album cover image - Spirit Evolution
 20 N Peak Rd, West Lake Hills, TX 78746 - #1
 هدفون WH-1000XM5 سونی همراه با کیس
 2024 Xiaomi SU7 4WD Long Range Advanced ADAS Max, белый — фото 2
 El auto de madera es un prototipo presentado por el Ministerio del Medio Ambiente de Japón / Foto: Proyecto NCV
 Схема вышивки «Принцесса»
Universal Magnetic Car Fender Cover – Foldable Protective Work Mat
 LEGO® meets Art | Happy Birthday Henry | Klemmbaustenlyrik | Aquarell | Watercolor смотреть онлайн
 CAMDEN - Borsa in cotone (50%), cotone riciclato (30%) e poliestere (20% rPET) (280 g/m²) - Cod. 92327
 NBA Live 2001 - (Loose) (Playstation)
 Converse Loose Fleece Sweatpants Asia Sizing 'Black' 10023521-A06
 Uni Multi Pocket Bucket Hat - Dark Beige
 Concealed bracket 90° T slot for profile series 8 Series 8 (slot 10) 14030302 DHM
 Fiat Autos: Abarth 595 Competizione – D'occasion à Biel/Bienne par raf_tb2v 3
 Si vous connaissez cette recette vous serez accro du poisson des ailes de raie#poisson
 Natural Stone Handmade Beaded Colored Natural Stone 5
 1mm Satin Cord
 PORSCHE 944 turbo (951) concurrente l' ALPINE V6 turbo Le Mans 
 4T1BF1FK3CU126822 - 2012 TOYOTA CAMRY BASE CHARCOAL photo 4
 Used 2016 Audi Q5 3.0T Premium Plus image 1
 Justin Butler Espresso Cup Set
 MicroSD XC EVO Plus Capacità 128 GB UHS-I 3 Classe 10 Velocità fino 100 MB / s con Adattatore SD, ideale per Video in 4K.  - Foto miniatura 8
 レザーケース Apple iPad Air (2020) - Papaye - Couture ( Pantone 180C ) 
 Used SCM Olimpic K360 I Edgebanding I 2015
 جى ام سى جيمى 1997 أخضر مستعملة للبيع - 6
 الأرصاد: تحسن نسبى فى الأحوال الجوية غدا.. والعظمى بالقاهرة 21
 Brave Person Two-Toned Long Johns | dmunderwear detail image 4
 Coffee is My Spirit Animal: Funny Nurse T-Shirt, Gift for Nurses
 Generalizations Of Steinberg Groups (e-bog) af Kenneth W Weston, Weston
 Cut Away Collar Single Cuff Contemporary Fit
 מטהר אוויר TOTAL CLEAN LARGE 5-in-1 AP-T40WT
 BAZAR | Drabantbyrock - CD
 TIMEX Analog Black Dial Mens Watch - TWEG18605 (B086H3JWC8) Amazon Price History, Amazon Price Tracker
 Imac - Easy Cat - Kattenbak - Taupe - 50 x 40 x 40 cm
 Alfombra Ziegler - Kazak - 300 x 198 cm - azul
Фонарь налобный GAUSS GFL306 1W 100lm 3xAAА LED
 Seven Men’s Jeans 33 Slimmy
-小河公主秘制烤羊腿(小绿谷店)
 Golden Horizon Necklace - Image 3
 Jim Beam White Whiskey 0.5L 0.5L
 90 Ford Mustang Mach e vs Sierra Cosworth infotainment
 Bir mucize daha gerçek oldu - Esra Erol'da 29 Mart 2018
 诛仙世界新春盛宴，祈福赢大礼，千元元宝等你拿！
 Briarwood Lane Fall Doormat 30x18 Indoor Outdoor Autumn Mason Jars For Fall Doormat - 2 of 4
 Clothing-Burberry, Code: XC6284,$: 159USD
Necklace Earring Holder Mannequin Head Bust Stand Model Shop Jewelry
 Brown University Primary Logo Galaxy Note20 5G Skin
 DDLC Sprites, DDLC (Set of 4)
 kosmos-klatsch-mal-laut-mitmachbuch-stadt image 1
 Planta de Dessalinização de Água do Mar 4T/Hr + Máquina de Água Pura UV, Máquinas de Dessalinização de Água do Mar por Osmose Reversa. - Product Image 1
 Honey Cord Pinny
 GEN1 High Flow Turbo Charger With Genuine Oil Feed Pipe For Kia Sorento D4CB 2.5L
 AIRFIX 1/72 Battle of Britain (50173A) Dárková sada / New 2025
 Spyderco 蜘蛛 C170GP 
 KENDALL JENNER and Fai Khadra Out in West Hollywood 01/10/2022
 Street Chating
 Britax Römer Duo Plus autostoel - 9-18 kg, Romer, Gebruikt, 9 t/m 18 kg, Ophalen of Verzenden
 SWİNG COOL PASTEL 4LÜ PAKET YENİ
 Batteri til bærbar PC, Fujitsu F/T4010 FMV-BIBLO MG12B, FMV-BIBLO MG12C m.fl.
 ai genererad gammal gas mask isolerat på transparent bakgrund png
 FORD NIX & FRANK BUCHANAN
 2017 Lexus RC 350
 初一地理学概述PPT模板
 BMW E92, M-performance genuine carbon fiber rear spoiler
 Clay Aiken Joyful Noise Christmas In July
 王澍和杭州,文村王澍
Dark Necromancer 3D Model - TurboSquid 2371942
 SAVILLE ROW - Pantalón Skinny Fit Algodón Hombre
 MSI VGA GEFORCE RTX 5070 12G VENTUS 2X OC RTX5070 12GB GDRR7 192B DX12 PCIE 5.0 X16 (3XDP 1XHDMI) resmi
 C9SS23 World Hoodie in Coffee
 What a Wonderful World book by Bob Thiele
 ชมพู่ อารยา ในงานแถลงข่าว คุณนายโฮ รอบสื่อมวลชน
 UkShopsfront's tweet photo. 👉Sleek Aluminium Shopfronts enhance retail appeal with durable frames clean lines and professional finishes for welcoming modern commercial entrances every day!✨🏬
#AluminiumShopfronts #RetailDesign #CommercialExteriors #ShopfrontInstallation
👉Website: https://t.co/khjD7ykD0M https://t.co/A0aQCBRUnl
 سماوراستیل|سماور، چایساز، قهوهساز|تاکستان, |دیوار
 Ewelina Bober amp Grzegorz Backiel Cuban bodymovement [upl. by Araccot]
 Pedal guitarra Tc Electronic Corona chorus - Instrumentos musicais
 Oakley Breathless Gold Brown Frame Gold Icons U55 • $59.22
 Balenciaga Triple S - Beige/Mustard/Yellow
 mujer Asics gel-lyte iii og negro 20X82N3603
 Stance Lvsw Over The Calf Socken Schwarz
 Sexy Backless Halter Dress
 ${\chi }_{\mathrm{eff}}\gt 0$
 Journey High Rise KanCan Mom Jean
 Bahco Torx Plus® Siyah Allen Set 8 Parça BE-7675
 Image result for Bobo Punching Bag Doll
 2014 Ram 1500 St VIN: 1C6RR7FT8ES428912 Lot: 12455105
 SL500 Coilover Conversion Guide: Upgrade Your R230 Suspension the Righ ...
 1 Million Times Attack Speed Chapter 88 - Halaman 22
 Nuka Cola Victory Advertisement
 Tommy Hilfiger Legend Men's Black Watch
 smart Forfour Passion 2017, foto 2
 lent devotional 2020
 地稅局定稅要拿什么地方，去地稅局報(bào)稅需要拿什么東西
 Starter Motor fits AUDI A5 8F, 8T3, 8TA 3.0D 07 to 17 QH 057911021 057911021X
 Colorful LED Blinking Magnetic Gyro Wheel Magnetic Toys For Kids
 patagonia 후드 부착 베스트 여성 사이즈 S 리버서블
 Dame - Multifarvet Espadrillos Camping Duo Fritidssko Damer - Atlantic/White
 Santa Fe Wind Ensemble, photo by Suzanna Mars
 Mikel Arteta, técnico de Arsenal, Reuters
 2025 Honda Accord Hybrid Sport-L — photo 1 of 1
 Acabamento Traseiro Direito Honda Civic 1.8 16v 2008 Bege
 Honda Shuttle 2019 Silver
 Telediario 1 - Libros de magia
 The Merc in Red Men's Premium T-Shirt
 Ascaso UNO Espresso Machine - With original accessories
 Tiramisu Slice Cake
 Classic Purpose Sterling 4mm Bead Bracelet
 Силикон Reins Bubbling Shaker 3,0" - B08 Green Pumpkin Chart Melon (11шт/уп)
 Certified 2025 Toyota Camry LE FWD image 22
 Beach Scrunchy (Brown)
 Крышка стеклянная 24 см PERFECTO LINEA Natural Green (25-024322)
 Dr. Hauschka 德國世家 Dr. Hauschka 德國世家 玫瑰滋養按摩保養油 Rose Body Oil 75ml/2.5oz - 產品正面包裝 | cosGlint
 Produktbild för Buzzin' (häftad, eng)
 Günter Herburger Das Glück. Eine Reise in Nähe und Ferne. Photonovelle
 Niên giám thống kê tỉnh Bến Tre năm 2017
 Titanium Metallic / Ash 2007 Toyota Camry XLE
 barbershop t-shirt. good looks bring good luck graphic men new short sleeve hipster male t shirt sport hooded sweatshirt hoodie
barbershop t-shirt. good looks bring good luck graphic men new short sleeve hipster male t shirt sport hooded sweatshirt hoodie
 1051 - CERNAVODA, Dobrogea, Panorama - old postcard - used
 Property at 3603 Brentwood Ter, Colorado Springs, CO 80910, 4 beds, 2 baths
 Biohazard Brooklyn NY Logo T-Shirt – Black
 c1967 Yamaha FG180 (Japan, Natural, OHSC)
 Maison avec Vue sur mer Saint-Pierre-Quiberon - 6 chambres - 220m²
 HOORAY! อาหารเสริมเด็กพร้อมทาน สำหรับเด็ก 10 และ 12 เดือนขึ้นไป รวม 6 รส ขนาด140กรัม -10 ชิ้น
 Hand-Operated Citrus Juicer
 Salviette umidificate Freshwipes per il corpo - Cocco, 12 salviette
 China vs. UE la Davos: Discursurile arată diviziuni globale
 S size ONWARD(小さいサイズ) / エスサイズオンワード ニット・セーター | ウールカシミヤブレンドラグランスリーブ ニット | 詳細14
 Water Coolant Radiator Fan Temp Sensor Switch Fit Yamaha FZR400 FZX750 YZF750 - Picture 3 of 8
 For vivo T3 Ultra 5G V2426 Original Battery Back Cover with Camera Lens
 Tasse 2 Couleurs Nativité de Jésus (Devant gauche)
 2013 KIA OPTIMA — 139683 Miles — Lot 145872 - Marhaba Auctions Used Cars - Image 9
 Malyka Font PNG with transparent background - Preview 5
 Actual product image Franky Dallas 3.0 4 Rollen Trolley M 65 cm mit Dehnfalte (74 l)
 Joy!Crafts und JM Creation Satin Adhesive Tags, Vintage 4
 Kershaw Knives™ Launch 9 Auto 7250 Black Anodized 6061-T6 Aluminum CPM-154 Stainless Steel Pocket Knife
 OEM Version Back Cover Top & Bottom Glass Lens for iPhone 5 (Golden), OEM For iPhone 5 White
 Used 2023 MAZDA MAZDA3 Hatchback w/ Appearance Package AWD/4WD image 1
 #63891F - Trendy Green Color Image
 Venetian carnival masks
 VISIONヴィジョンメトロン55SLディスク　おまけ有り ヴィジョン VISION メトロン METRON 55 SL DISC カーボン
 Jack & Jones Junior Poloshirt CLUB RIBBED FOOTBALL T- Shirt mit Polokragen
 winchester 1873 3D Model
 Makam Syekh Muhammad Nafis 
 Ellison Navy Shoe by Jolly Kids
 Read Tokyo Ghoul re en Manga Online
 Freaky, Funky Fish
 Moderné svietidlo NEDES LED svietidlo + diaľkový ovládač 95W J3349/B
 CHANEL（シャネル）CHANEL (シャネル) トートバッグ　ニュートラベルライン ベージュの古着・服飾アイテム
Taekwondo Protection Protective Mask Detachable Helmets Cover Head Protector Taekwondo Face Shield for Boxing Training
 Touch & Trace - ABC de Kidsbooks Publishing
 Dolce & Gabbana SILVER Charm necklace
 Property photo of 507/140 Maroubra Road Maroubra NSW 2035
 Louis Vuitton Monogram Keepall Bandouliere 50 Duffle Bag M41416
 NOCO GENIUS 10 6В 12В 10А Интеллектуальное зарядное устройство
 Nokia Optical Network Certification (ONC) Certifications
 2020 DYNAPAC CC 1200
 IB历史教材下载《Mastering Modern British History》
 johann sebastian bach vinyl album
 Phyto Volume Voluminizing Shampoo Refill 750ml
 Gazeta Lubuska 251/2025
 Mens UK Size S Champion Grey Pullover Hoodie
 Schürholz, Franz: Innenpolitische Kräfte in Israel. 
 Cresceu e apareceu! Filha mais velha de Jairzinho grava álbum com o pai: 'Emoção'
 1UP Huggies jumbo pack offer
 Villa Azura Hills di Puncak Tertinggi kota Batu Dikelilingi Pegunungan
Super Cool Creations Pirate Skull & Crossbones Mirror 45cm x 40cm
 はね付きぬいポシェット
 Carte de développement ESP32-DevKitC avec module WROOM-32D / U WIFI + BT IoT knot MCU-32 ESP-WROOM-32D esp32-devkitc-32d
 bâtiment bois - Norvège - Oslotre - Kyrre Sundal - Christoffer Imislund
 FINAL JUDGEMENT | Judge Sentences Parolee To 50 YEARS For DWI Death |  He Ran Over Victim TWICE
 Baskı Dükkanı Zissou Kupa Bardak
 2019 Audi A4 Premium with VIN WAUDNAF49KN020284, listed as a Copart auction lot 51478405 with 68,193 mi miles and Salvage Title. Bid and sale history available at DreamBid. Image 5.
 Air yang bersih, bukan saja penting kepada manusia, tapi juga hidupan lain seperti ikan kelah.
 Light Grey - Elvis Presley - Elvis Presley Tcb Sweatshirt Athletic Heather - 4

────────────────────

> _EXERCISE PROMPT_
Since only part of the listing is wanted, copy exactly the lines from the one holding "S size ONWARD(小さいサイズ)" to the one holding "Actual product image", both included.

> _ANSWER AREA_
 S size ONWARD(小さいサイズ) / エスサイズオンワード ニット・セーター | ウールカシミヤブレンドラグランスリーブ ニット | 詳細14
 Water Coolant Radiator Fan Temp Sensor Switch Fit Yamaha FZR400 FZX750 YZF750 - Picture 3 of 8
 For vivo T3 Ultra 5G V2426 Original Battery Back Cover with Camera Lens
 Tasse 2 Couleurs Nativité de Jésus (Devant gauche)
 2013 KIA OPTIMA — 139683 Miles — Lot 145872 - Marhaba Auctions Used Cars - Image 9
 Malyka Font PNG with transparent background - Preview 5
 Actual product image Franky Dallas 3.0 4 Rollen Trolley M 65 cm mit Dehnfalte (74 l)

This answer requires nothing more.